[[ RECORD EXTRACTS, beginning ]]

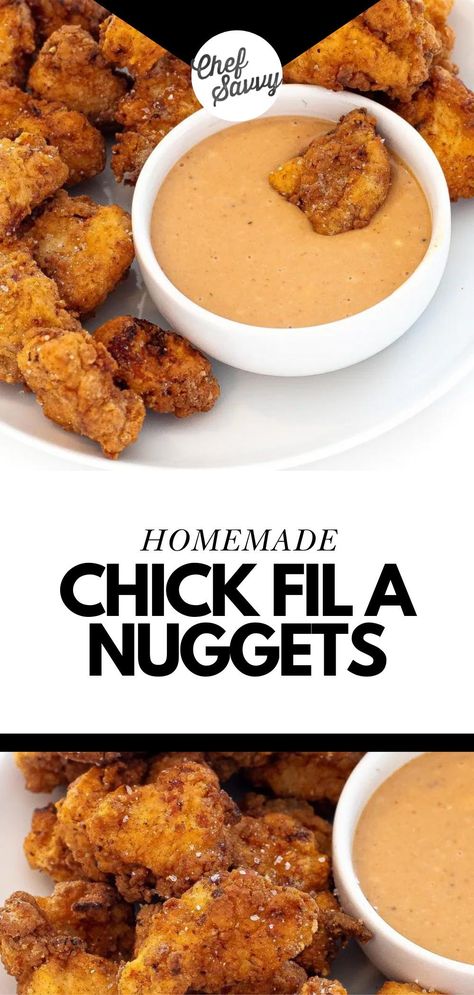 Learn How to Make Homemade Copycat Chick Fil A Nuggets Recipe! Chick Fil A Nuggets are a delicious homemade copycat recipe that is the perfect alternative to going to the drive-thru! Featuring tender chicken breast coated in a flavorful, crispy coating and dipped in your favorite Chick Fil A sauce! Follow Chef Savvy for more chicken Recipes! Chick Fil A Tenders Recipe, Chick Fil A Nuggets Recipe, Chick Fil A Chicken Nuggets Recipe, Copycat Chick Fil A Nuggets, Barbecue Sauce Chicken, Crispy Chicken Breast, Chick Fil A Nuggets, Chef Savvy, Copycat Chick Fil A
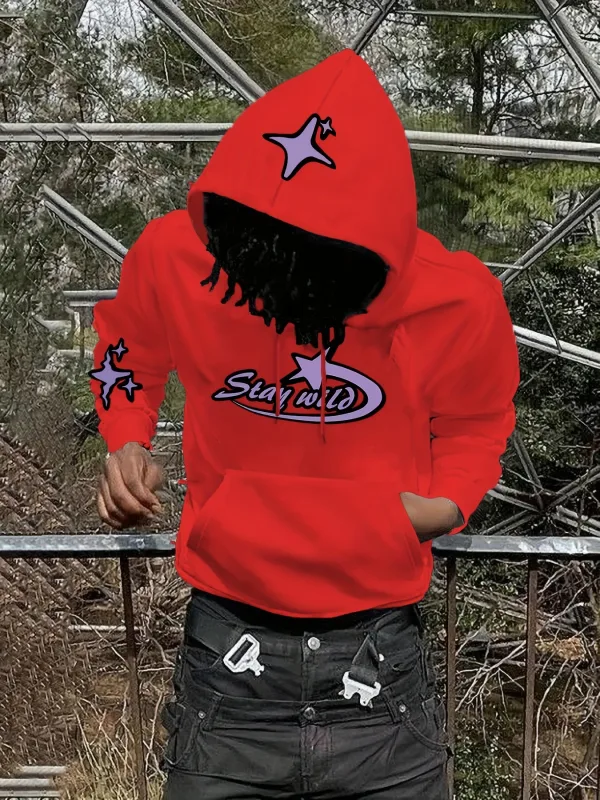 Y2K Star Graphic Hoodie Men Vintage Stay Wild Letter Hooded Sweatshirt streetwear hoodies men clothing promo — image 3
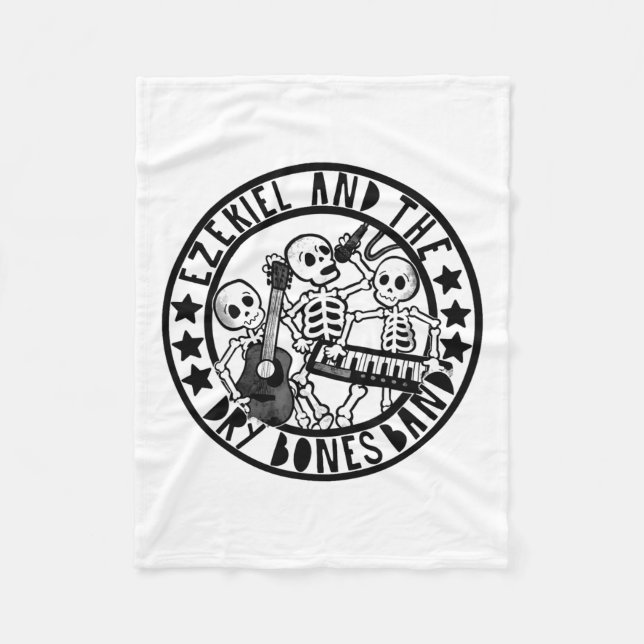 Christian Skeleton Ezekiel och Dry Bone Band Bible Fleecefilt (Framsidan)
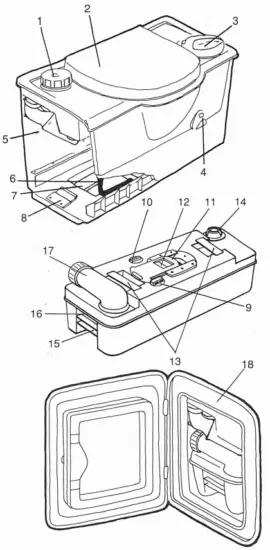 THETFORD C4 Bench Cassette Toilet - 2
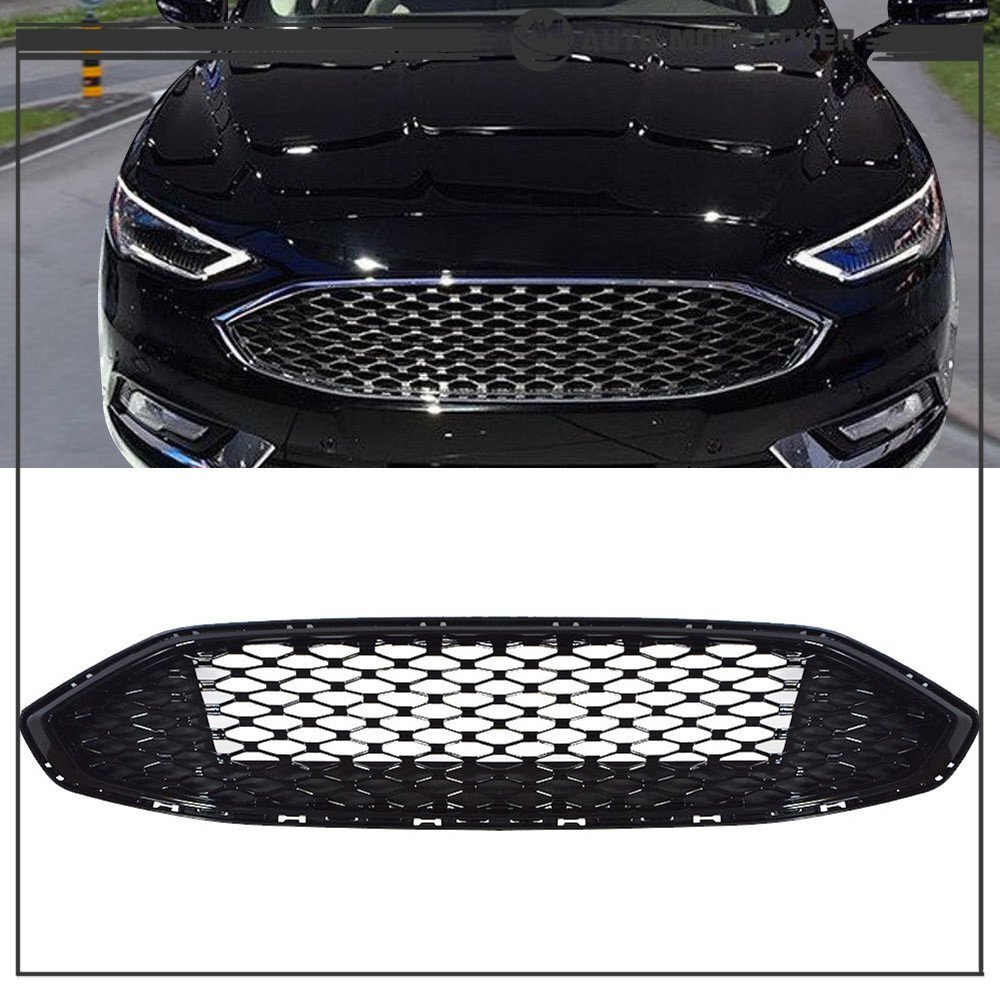 Gloss Black Grille For 2017-2018 Ford Fusion Front Grill Honeycomb Trim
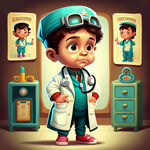 卡通儿童扮演医生游戏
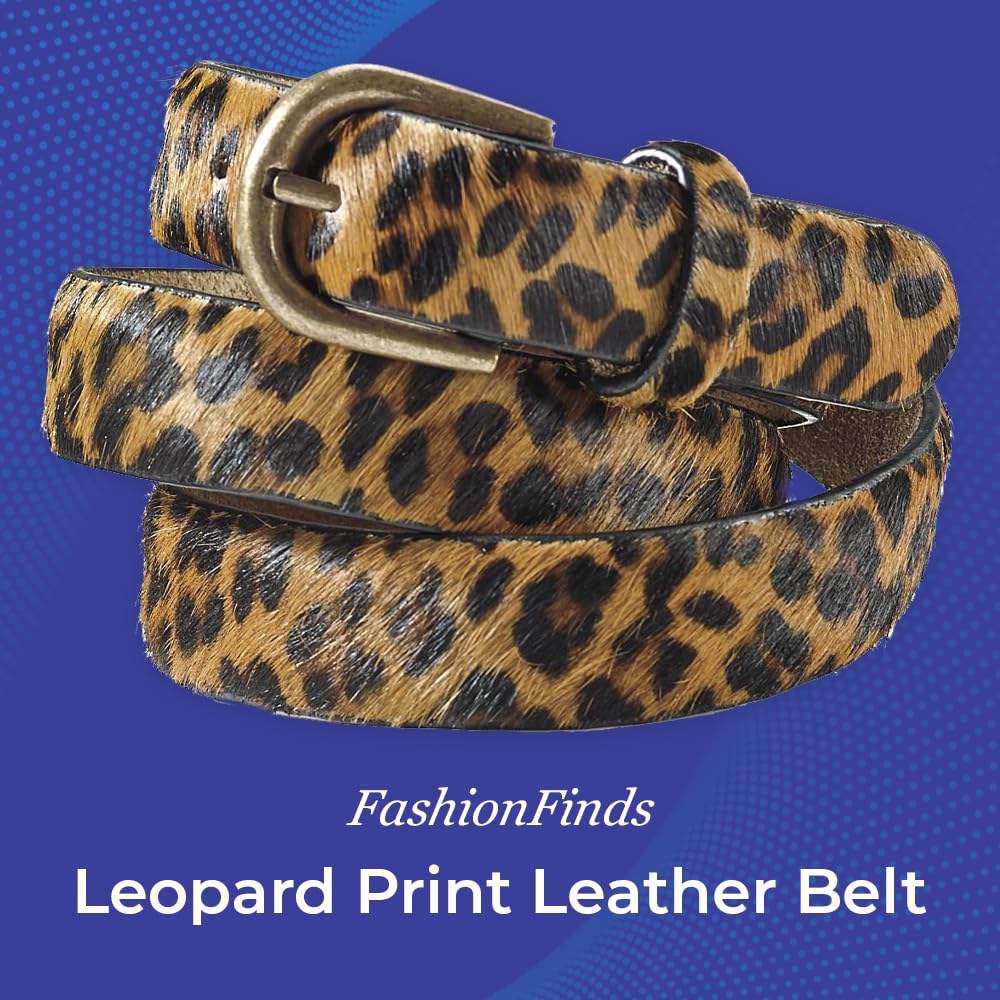 SAGEFINDS Leopard Print Leather Belt for Women, Fashion Waist Belt for Jeans and Dresses, Brass Buckle, 1” Wide
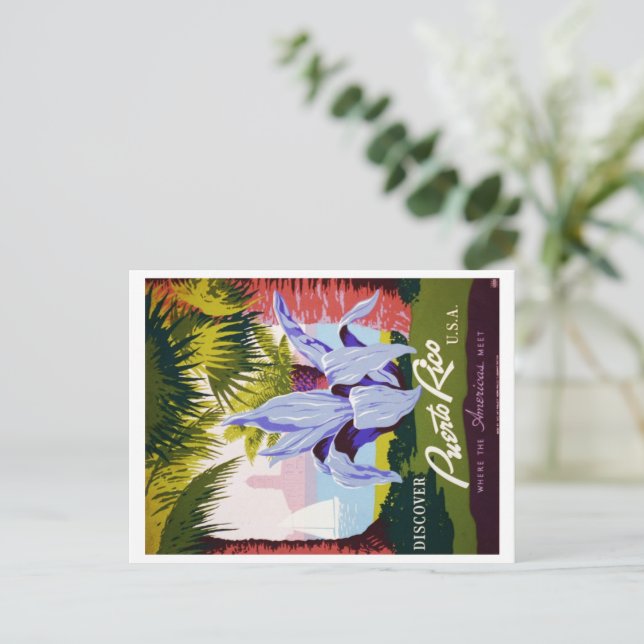 Vintager Puerto Rico Tropical Rett-the-Date Ankündigungspostkarte (Stehend Vorderseite)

[[ RECORD EXTRACTS, end ]]

▶ [TASK REQUIREMENTS] Once the line containing "Gloss Black Grille" is found, transcribe it and every line after it to the end of the records, exactly and with no pictures.

▶ [ANSWER TO THIS EXERCISE]
 Gloss Black Grille For 2017-2018 Ford Fusion Front Grill Honeycomb Trim
 卡通儿童扮演医生游戏
 SAGEFINDS Leopard Print Leather Belt for Women, Fashion Waist Belt for Jeans and Dresses, Brass Buckle, 1” Wide
 Vintager Puerto Rico Tropical Rett-the-Date Ankündigungspostkarte (Stehend Vorderseite)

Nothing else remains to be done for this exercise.